A 1950 series of appearances, Songs of the Theater, had Colt demonstrating "what must be a family requisite, to do several things well." That presentation combined Colt's acting and singing talents to present music in theatrical contexts from Ophelia's songs in Hamlet to "To This We've Come" from The Consul, with other selections such as "Tea for Two" and "Moanin' Low" in between. She continued to present that program in 1951-1953 and in 1955. Colt modified her presentation in 1956, with one part offering selections from Songs of the Theater and the other selections from "the theater's contribution to great music from Shakespeare's plays to Menotti's The Consul".

In 1960, she performed the "one-woman musical drama" Curtains Up. The program was "a tribute to the American musical stage" with scenes and songs from a variety of shows. She continued to present Curtains Up in subsequent years. In 1967, she began performing the one-woman show Take It from the Top, which also featured songs from the American musical theater. In 1973, she performed the one-woman show Great Moments in American Music.

In the 1970s, the United States State Department sponsored Colt's visit to Europe to present her one-woman show, Music Written for the American Theater.

=== Other activities ===
During World War II Colt was a nurses' aide with the Red Cross and a member of the American Theatre Wing's War Service Speaker's Bureau. She spoke a couple of times a week "on any patriotic topic from war bonds to salvage". She also was active at the Stage Door Canteen for military personnel in New York City.

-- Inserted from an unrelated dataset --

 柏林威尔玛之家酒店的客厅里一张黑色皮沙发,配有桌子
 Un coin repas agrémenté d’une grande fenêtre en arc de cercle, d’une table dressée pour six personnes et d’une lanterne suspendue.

In the summer of 1966 Colt was artist in residence for the initial Drama Workshop at Salve Regina College. While there, she taught an acting course and starred in a production of Curtains Up. In the mid-1960s, she hosted a summer school for dramatic and vocal training for students ages 16 and older. She also taught at Mannes College in New York and at the University of Alabama.

==Plays for Living==

Colt was a member of the national committee of the Family Service Association of America, the activities of which included presenting plays "designed to dramatize and offer guidance for many common family problems". She chaired the association's Plays for Living program, which enacted 30-minute plays about topics that included family counseling, foster parenting, juvenile delinquency, and unwed motherhood. After each play, a trained facilitator led an audience discussion on the topic presented in the play. Colt described the combination of drama and discussion as "enormously effective" in helping people explore problems. Her activities as chair took her to cities across the United States, helping people to see how they could implement the program in their own communities. Her responsibilities with Plays for Living included commissioning plays and supervising productions.

== Personal life and death ==
Colt married business executive John R. Miglietta on December 1, 1944, in New York City. They had a son, John Drew Miglietta. In July 1960, she inherited ownership of one-fourth of Linden Place in Bristol, Rhode Island. The inheritance, which she shared with her husband, their son, and her brother, included a 25-room mansion that was built in 1812, a laundry, a garage, a carriage house, and outbuildings on two acres plus a nearby 425-acre dairy.

Colt died of cancer on May 22, 1977, at her home in New York City, aged 65. Memorial services were at Actors Chapel in New York City.